Тем не менее, судя по опросам, ни в одной из "декоративных" монархий Европы большинство подданных безвластных королей не стремится сменить это свое положение на статус граждан республики. Более того, фигуры вроде Елизаветы II или Хуана Карлоса Испанского остаются одними из наиболее популярных и уважаемых в своих странах. Привычка? Блажь? Чрезмерная верность традициям?
Возможно, и то, и другое, и третье. Но и кое-что еще – свойственное большинству людей стремление найти хоть что-то неизменное в мире, который меняется слишком быстро. Желание идентифицировать себя со своей страной и ее историей, которое парламентские демократии с их калейдоскопом правительств и вечными дебатами о мелочах способны удовлетворить далеко не всегда. (У демократий "суверенных", "управляемых", "боливарианских" и прочих с этим, как показывает практика, тоже бывают большие проблемы). Дань уважения к прошлому, без которого настоящее утрачивает смысл, а будущее растворяется в тумане.
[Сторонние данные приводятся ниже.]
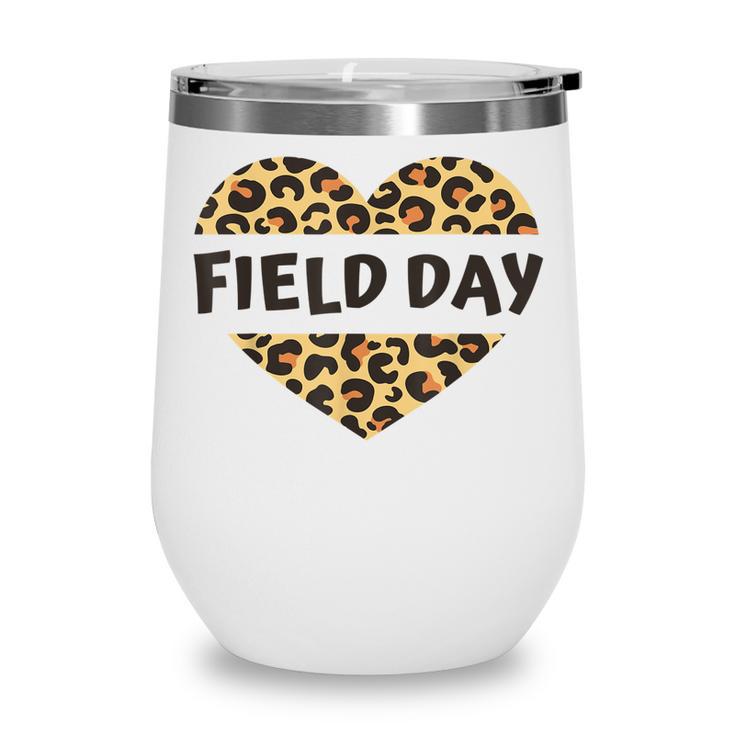 Teachers Field Day Leopard Heart Last Day Of School Kids Men  Wine Tumbler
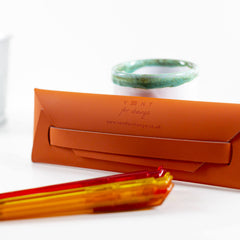 Pink Recycled Leather Pen and Pencil Pouch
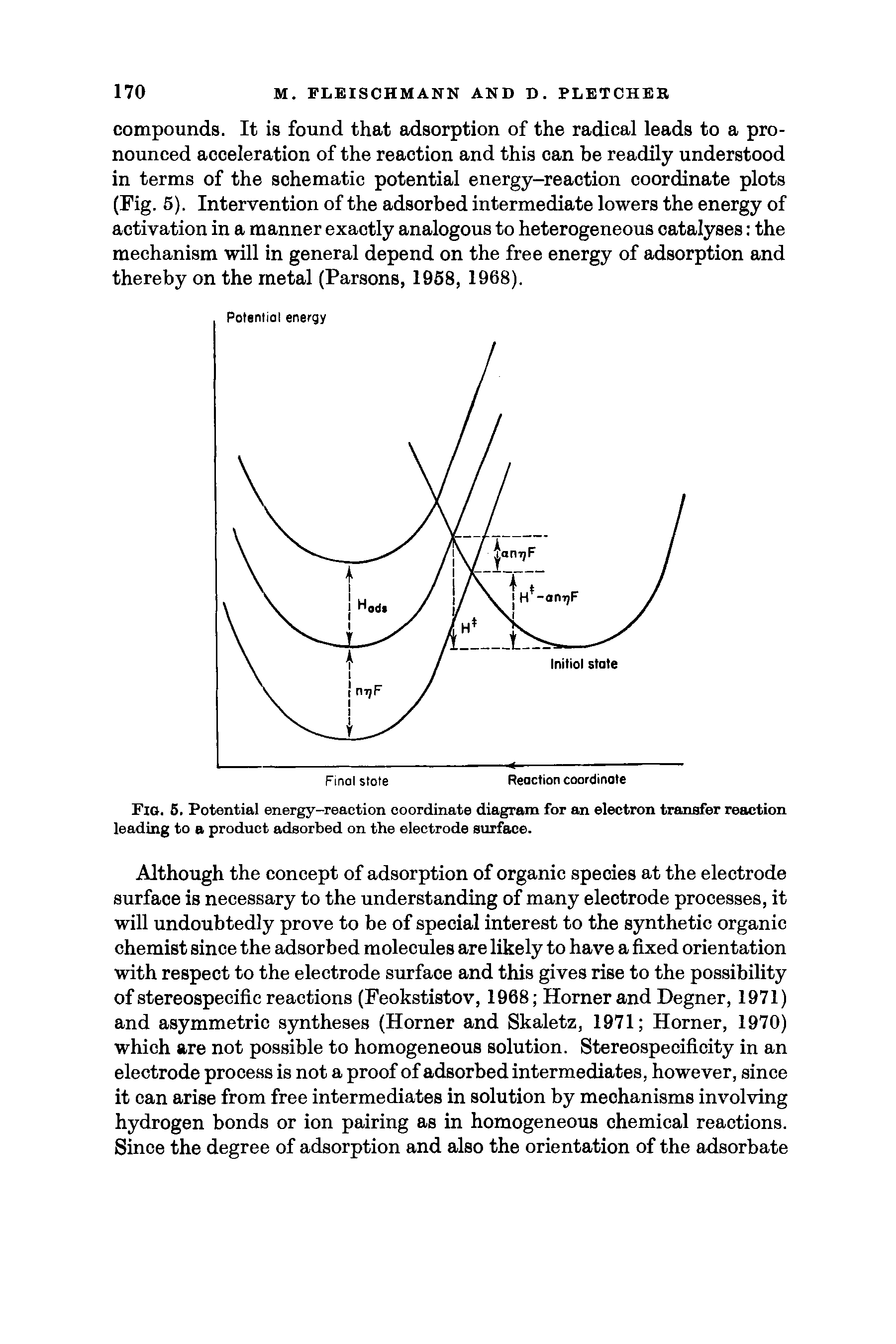 Fig. 5. Potential energy-reaction coordinate diagram for an electron transfer reaction leading to a product adsorbed on the electrode surface.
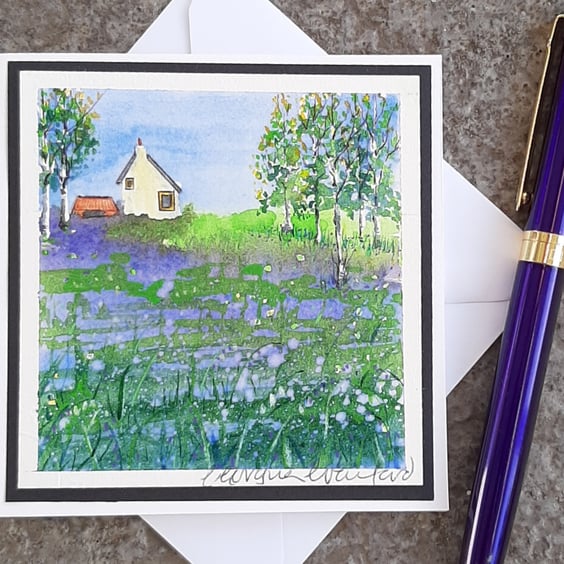 Mini Handpainted Blank Card. Letterbox Gift. Bluebells in Spring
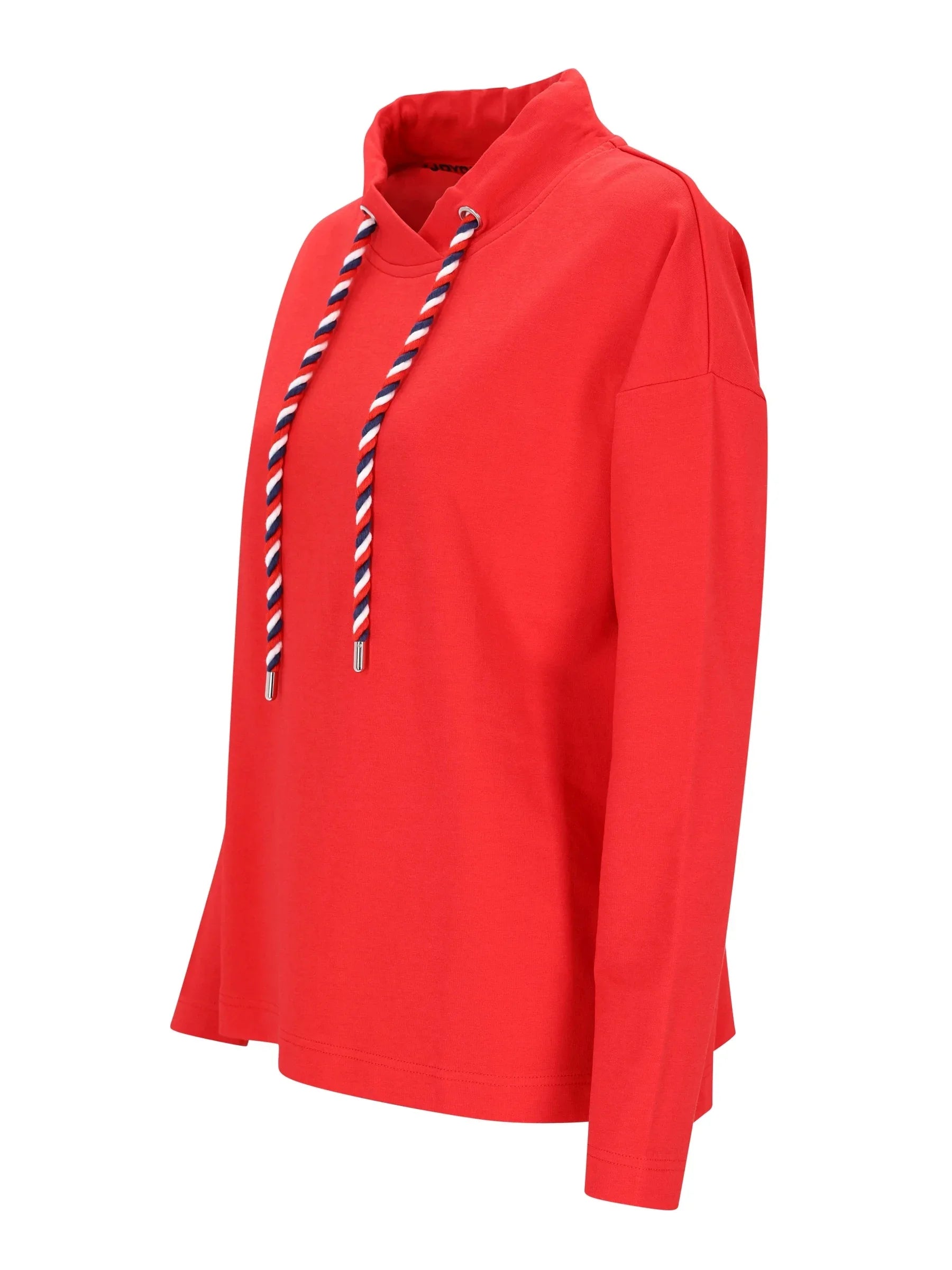 Lebendiger roter Langarm-Hoodie mit hohem Kragen und gestreiften Kordeln. Sweatshirt 1/1 Arm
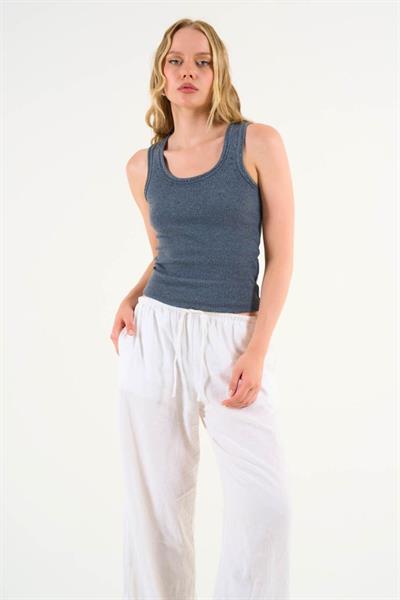 Kare Yaka Düz Atlet - Antrasit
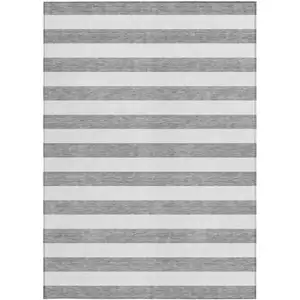 Photo of 3' X 4' Gray and White Striped Washable Non Skid Indoor Outdoor Area Rug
Всё это свойственно не только жителям государств, в которых монархии еще сохранились, но и некоторым из тех, где они давно упразднены. Скажем, Франция, так и не сумев за полтора столетия революций решить, какая династия ей больше по душе, а затем поменяв и парочку республиканских моделей, пришла наконец к нынешней Пятой республике, основанной генералом де Голлем как своего рода квазимонархия. В Чехии к президенту, хоть и лишенному, в отличие от французского коллеги, обширных полномочий, бытует слегка монархическое отношение: даже нынешний президент Клаус, несмотря на экстравагантные консервативно-евроскептические убеждения, остается довольно популярным, а местные политики, за небольшими исключениями, стремятся не подвергать его уничижительной критике.
Впрочем, есть у "декоративных" монархий и вполне реальные политические функции. В эпоху национализма, когда общим местом стало убеждение в том, что каждому народу положено свое национальное государство, королевства олицетворяют другой тип государственной идентичности, тихую, но упрямую альтернативу маленьким национальным "квартиркам". Как знать, не развалились бы современные Бельгия, Испания, а то и Британия, не будь они увенчаны коронами? И то, что монархи в этих странах лишены политических полномочий, как ни странно, делает их положение более прочным: они как бы олицетворяют вечное, в то время как премьеры, министры, лидеры партий и фракций – преходящее.
Возможно, именно поэтому бытовавшие в России в 90-е годы проекты реставрации монархии остались и, видно, навсегда останутся нереализованными. Мало кто способен представить во главе российского государства человека-символ, фигуру, возвышающуюся над политикой. А самодержцев, пусть и не царских кровей, и без короны, в формально немонархической России после 1917 года и так хватало.